GRACE, questo il nome del progetto installativo che colorerà la Tate Britain, è «la costante rivisitazione della cultura nera e dell’atteggiamento ambizioso in condizioni straniere. GRACE esplora il modo in cui mia nonna, mia madre e mia sorella si sono presentate con grazia nella comunità dei Caraibi britannici» ha affermato Alvaro Barrington. Una esplorazione dunque, sulla cultura caraibica – visto le radici haitiane e grenadiane dell’artista – che è ancor prima un intimo viaggio che esplora i temi del luogo, dell’appartenenza e di quei legami indissolubili che nonostante la lontananza ci portiamo dietro.
L’installazione site-specific – fra dipinti, sculture, assemblaggi di oggetti e paesaggi sonori – è suddivisa in tre atti e indaga principalmente l’animo di tre figure fondamentali nella sua vita: sua nonna Fredrica, la sua amica e sorella Samantha Harrison e sua madre Emelda.
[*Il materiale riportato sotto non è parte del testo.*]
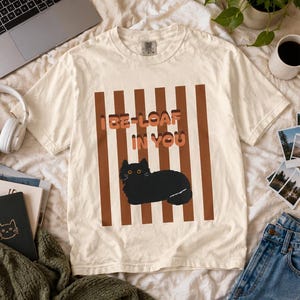 Op de afbeelding: Een crèmekleurig T-shirt met korte mouwen en een afbeelding van een zwarte kat in een liggende houding. Het ontwerp bevat verticale bruine strepen en de tekst "I BE-LOAF IN YOU" in een dik, gelaagd lettertype op de voorkant van het shirt.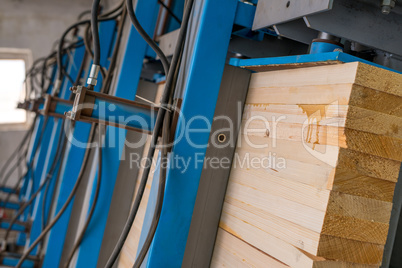 Image of glued wooden lamellas are pressed
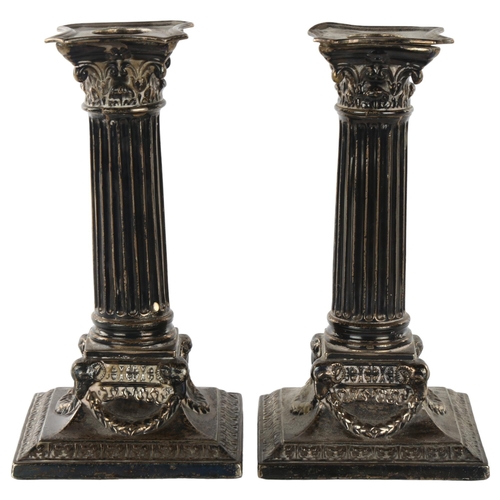 1469 - A pair of Victorian silver Corinthian column table candlesticks, with ram's head swag bases and remo...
Una peregrinazione che racconta la storia di una vita, la sua, quella celebrativa e profonda, intrisa di ricordi e segreta, ora esplosa nella miriade di colori che ne caratterizzano l’installazione. Il direttore della Tate Britain Alex Farquharson ha non a caso dichiarato che «GRACE dimostra la capacità di Barrington di tradurre la storia personale in esperienze evocative e riconoscibili».

Un’enorme ballerina d’argento avvolta da innumerevoli tessuti, accoglie il visitatore nella galleria centrale: la diaspora afrocaraibica è qui espressa nella sua forma più libera, la scultura comunica, evoca danza, colori, movimento. Una frenesia che però finisce, proprio come l’ultima tappa del viaggio più bello: l’ambiente conclusivo ospita uno spazio fatiscente, costruito secondo le dimensioni di una cella di prigione americana e che allude all’urgente problema dell’incarcerazione di massa, testimonianza dei pericoli a cui ancora oggi la popolazione afroamericana è soggetta. Musica, allegria, carnevale che nascondono in realtà un’essenza assai più inquieta: quella del riconoscere il dolore, la paura, i maltrattamenti e anche la sottomissione.